The U.S. Department of Agriculture (USDA) is backing down from a GMO disclosure rule that would have provided state regulators with critical information about the genetically modified organisms that farmers use to spray their crops.
In February 2013, the USDA's Animal and Plant Health Inspection Service proposed sharing information with state regulators about genetically engineered organisms that are released in their jurisdictions. But the USDA withdrew the rule Thursday, because it said it found "potential vulnerabilities" that would have put farmers' businesses at risk.
GMOs, also known as genetically engineered organisms, have been a subject of much controversy and speculation because of the potential negative health effects critics say they may have.
Farmers that want to use or import GMOs must register with the USDA and apply for permits. Through this process, the USDA receives information about farmers' GMO use.

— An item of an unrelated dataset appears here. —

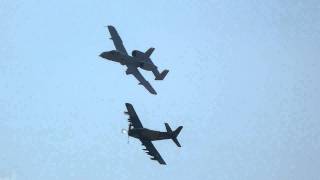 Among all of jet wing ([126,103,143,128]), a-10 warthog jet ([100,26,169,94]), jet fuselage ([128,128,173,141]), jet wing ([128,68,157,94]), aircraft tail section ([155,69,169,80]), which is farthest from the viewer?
aircraft tail section ([155,69,169,80])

But the agency is second-guessing a rule that would have allowed it to provide state regulators with this information, because it would serve as a business disruption for farmers. The information farmers provide to the USDA is supposed to remain confidential, but if the agency shares it with state regulators that could be an issue.
"We have discovered potential vulnerabilities under the Freedom of Information Act (FOIA)," the USDA wrote. "While (confidential business information) is protected from mandatory public disclosure, we conducted an in-depth review of FOIA and determined that disclosure of (this information) to state and tribal regulatory officials may constitute a waiver of this FOIA exemption. Specifically, under FOIA, the States are considered members of 'the public.' Because disclosure to one member of the public means disclosure to the general public, (USDA) may be required to disclose the (information) shared with state and tribal regulatory officials to anyone who requests the same information under FOIA."